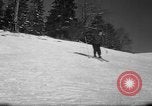 Standbild Studenten manövrieren Pole bei Ski Patrol Schule Berchtesgaden Deutschland, 1957, aus Sekunde 26 historischem Filmmaterial Videoclip 65675043163
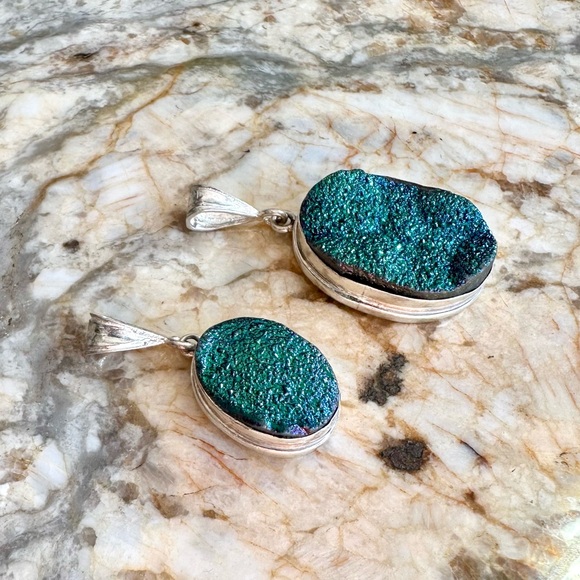 2 Druzy Quartz pendants in sterling silver w bails 1” and 3/4” - Picture 3 of 5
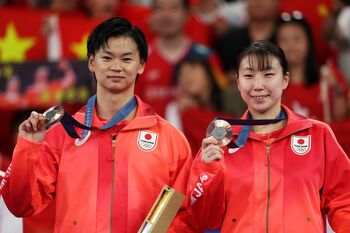 「試合の時とはまったく表情が違う」“わたがしペア”東野有紗が夫婦2S公開！パリ五輪銅メダリスト幸せいっぱいの結婚報告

* * *

Copy the material above word for word, images excluded.

 Standbild Studenten manövrieren Pole bei Ski Patrol Schule Berchtesgaden Deutschland, 1957, aus Sekunde 26 historischem Filmmaterial Videoclip 65675043163
 2 Druzy Quartz pendants in sterling silver w bails 1” and 3/4” - Picture 3 of 5
 「試合の時とはまったく表情が違う」“わたがしペア”東野有紗が夫婦2S公開！パリ五輪銅メダリスト幸せいっぱいの結婚報告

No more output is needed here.